- Feature on the film from Picture Show (1 August 1931)
- Directed by: Thomas Bentley
- Written by: Edith Fitzgerald (play) Val Valentine
- Produced by: John Maxwell
- Starring: Jean Colin Phyllis Konstam C. M. Hallard Viola Compton
- Cinematography: Claude Friese-Greene
- Edited by: Leslie Norman
- Production company: British International Pictures
- Distributed by: Wardour Films
- Release date: 22 October 1930;
- Running time: 86 minutes
- Country: United Kingdom
- Language: English

= Compromising Daphne =

1930 British film by Thomas Bentley

Compromising Daphne (also known as Compromised!) is a 1930 British comedy film directed by Thomas Bentley and starring Jean Colin, Phyllis Konstam, C. M. Hallard and Viola Compton. It was written by Val Valentine based on the play by Edith Fitzgerald and produced by British International Pictures at their Elstree Studios with sets designed by John Mead.

== Preservation status ==
The British Film Institute National Archive holds a collection of ephemera and stills but no film or video materials.

==Plot==
Daphne Ponsonby and George wish to be married, but Daphne's parents object. In desperation she arranges for a young man to visit her in her bedroom to compromise her. However he goes to the wrong bedroom, and is subsequently arrested. The father of the accidentally compromised girl then gets involved, and a farcical turn of events follows.

==Cast==
- Jean Colin as Daphne Ponsonby
- Charles Hickman as George
- Phyllis Konstam as Sadie Bannister
- C. M. Hallard as Mr Ponsonby
- Viola Compton as Mrs Ponsonby
- Leo Sheffield as Mr Bannister
- Frank Perfitt as Hicks
- Barbara Gott as Martha
- Margot Grahame as Muriel

== Reception ==
Film Weekly wrote: "There are many bright laughs in this British farce, which is on the whole a satisfactorily made picture."

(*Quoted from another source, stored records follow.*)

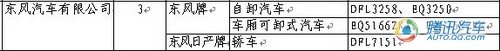 新阳光等12款车上榜 第219期新车目录解读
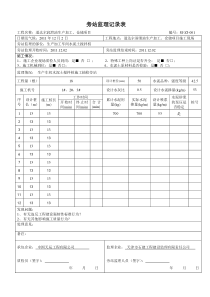 水泥搅拌桩旁站监理记录表001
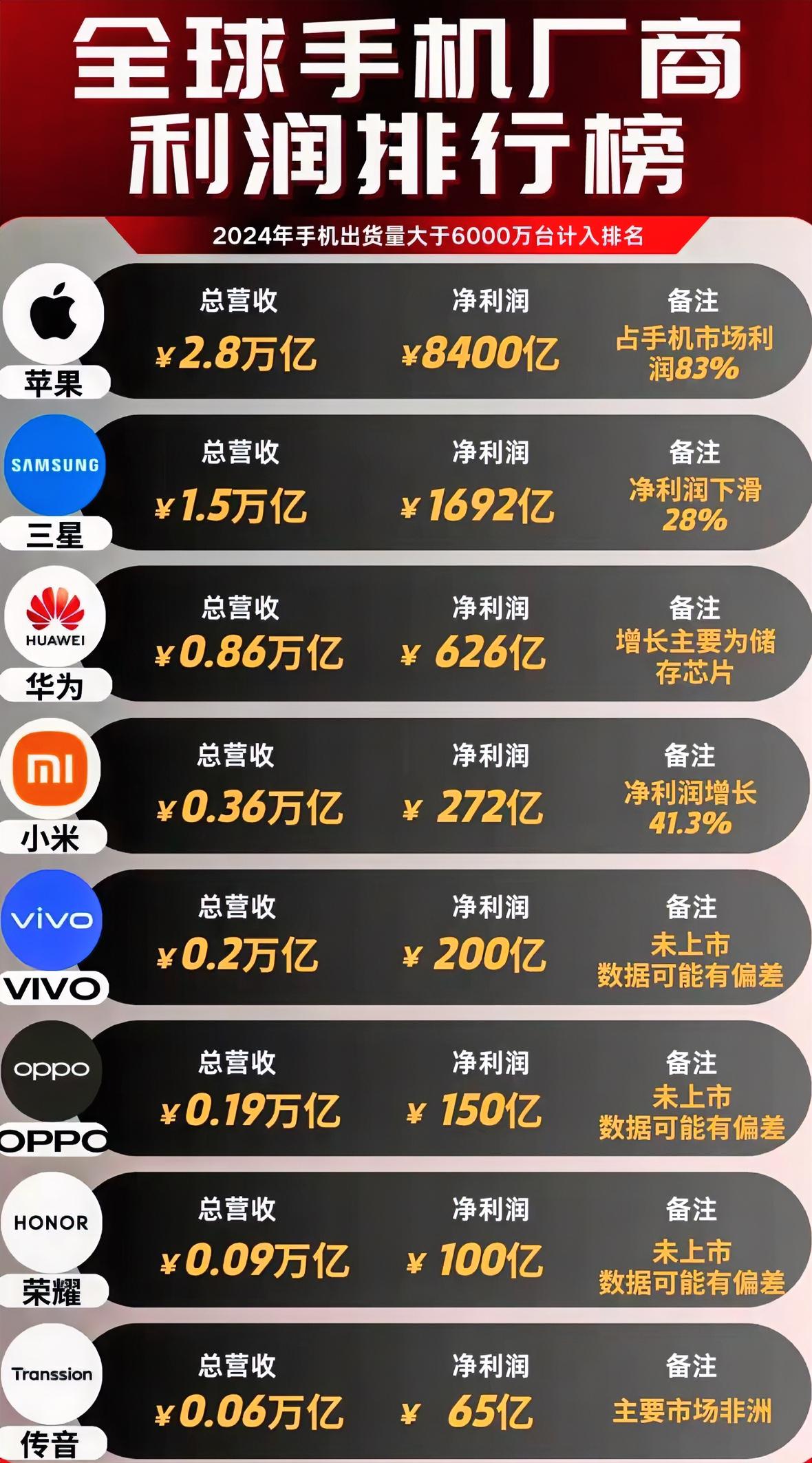 本期盘点全球手机厂商利润排行榜，华为名列前三名，小米第四，你用的哪款手机呢？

Kine Weekly wrote: "A light, frivolous, farcical comedy which is refreshingly English, and allows evergreen situations to be put over in a manner which gives them an irresistible piquancy. The picture moves at a brisk pace, and the team work is excellent. ... Jean Colin has freshness and charm as Daphne, and enters into the spirit of the play with great gusto. Charles Hickman is an effervescent George and works tremendously hard, while C. M. Hallard retains a sense of dignity as Ponsonby."

The Daily Film Renter wrote: "Obvious kind of old-fashioned farce comedy. Acting is sufficient for the story, which becomes increasingly irresponsible as it goes on. Quite the popular sort of humour more particularly in the fashion few years back. ... This is the type of production of which little need be said, except to absolve the director from any responsibility for the story. Thomas Bentley has made probably the best job that could be made of it; but it is all very familiar stuff."